22. Januar 2018 (online)


Lymphocytic adrenal medullitis (LAM) denote the histological finding of lymphocytic infiltrates in the adrenal medulla, a rare phenomenon that previously has been deemed asymptomatic and linked to autopsy findings in patients with type I diabetes. We describe the finding of LAM in a 66-year old female presenting with hyperaldosteronism and a 17 mm lesion in the right adrenal gland. The patient displayed secondary hypertension as well as intermittently occurring exaggerated hypertensive episodes with systolic peaks above 220 mm Hg. Preoperative catecholamine screening was negative, diminishing the possibility of a pheochromocytoma. Unilateral adrenalectomy was performed, and histology revealed an aldosterone producing adrenocortical adenoma. No signs of adrenomedullary hyperplasia or pheochromocytoma were found; however, prominent B- and T-lymphocytic infiltrates were observed across the medulla.
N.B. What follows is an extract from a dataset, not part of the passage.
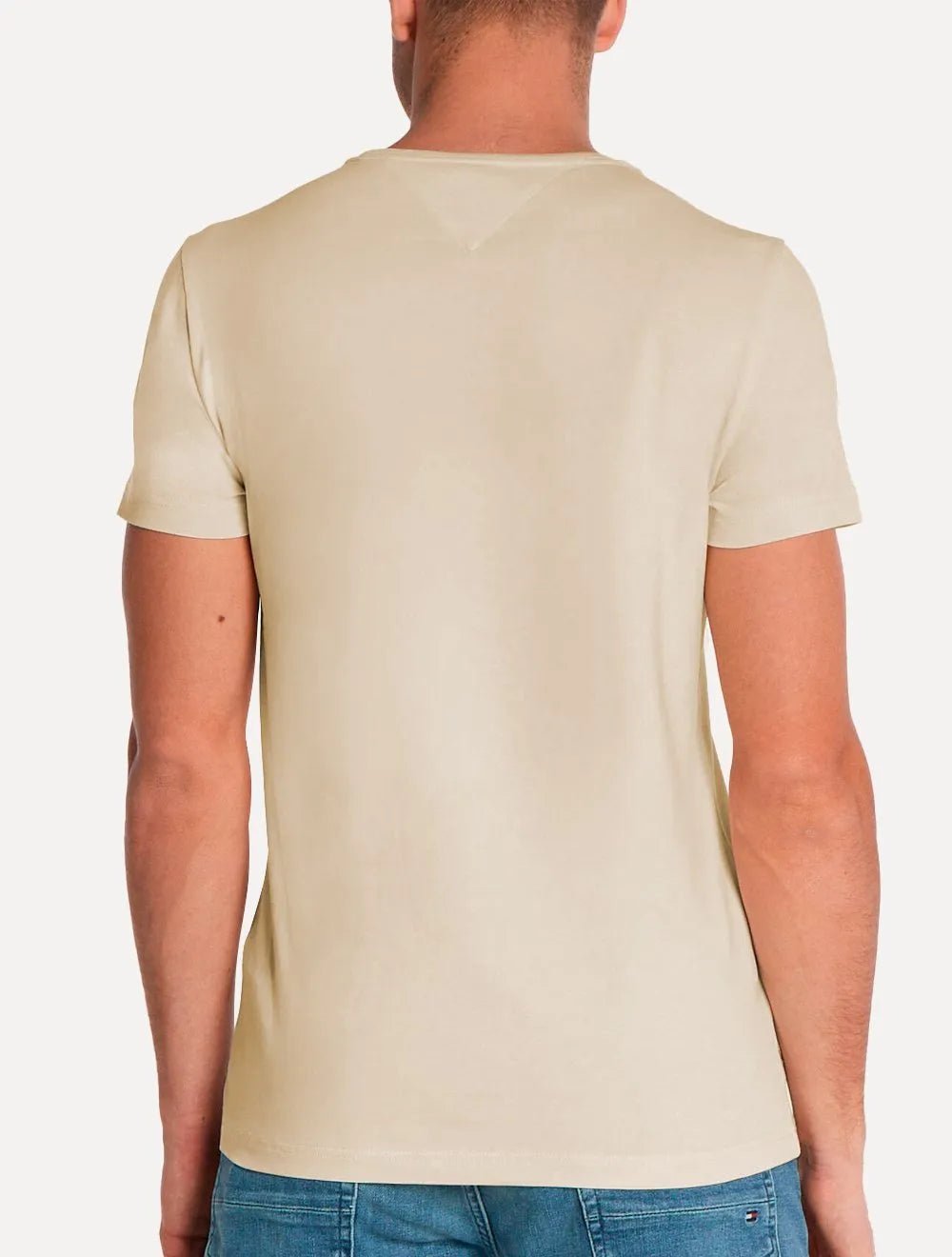 Camiseta Tommy Hilfiger Masculina Essential Cotton Cáqui Claro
The inflammation was almost absent in the surrounding adrenocortical tissue. Postoperatively, the patient remained hypertensive, but without paroxysmal excessive blood pressure elevations. A review of our pathology records between the years 2000 to present time as well as focused histopathological re-examination of 40 cases revealed no signs of LAM in any adrenal gland investigated, confirming the occurrence in living patients as exceedingly rare. This is the first report of LAM in a living patient, with a possible clinical association to intermittent episodes of markedly increased blood pressure not commonly seen in patients with hyperaldosteronism. A coupling between LAM and exaggerated hypertensive episodes cannot be ruled out.